Given material:
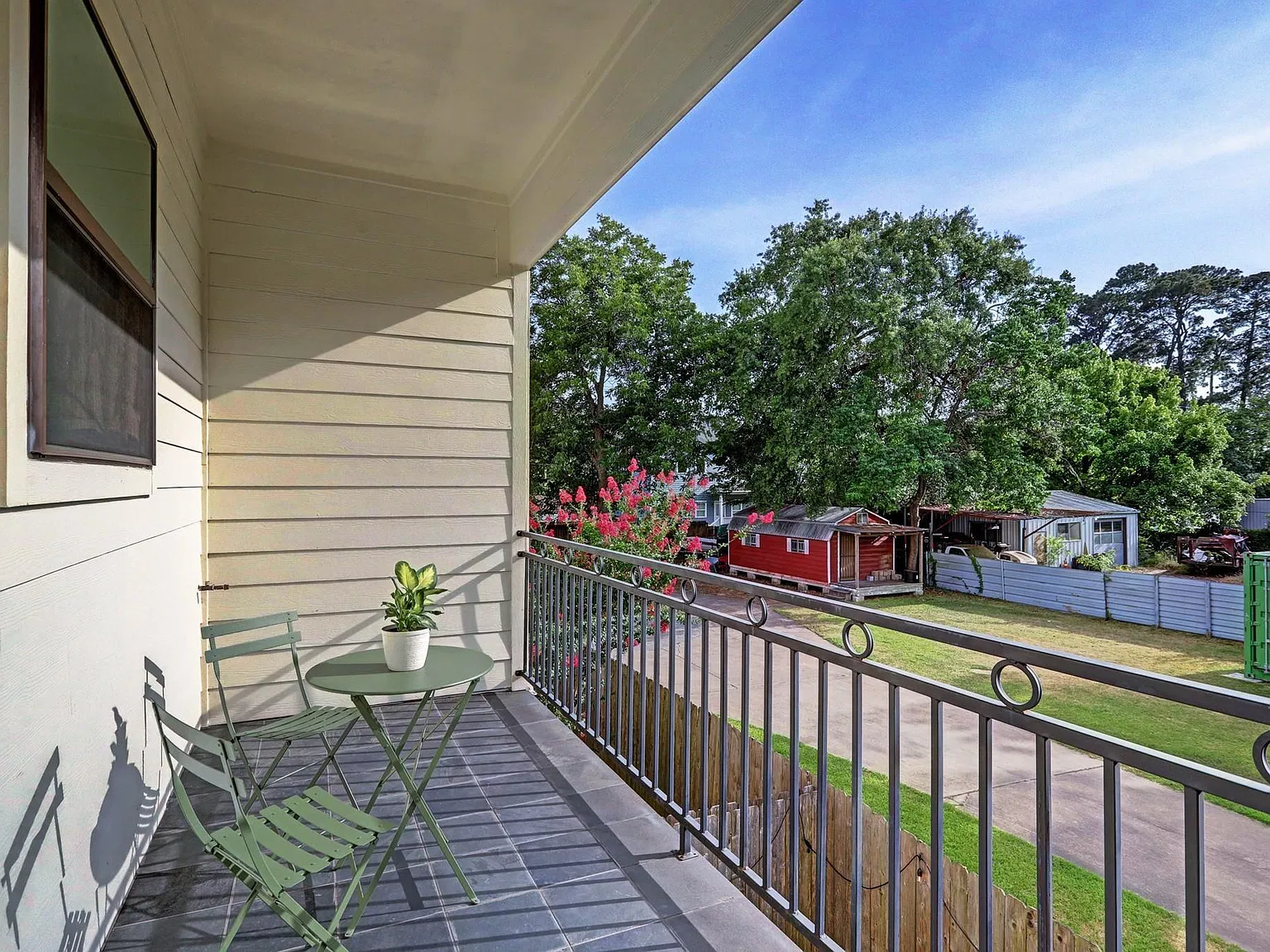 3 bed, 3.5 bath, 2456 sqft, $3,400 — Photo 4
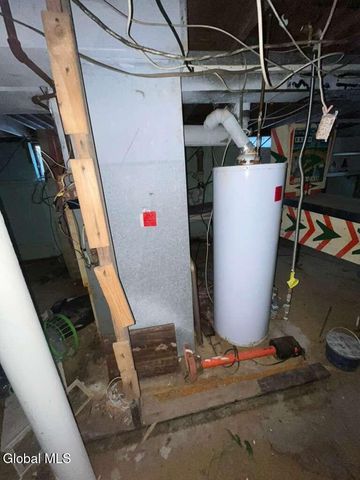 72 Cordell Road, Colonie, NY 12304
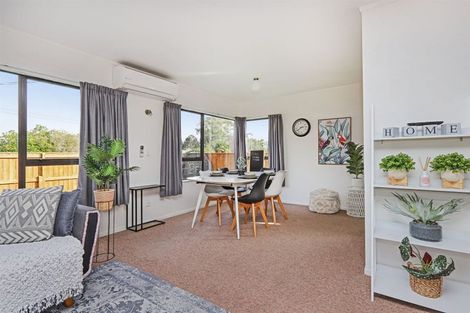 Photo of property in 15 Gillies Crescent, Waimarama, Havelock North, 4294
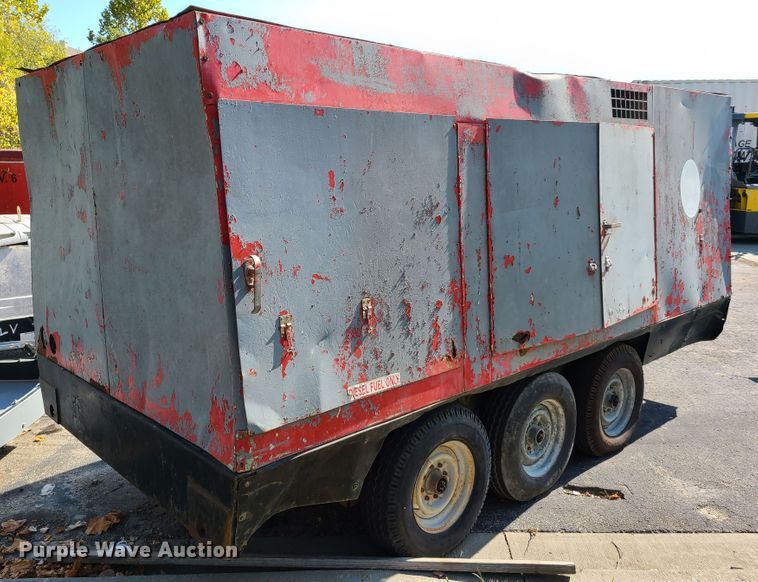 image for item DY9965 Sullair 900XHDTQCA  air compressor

Problem statement: Every line of the data above should be quoted exactly. Omit the pictures.

Written response:
 3 bed, 3.5 bath, 2456 sqft, $3,400 — Photo 4
 72 Cordell Road, Colonie, NY 12304
 Photo of property in 15 Gillies Crescent, Waimarama, Havelock North, 4294
 image for item DY9965 Sullair 900XHDTQCA  air compressor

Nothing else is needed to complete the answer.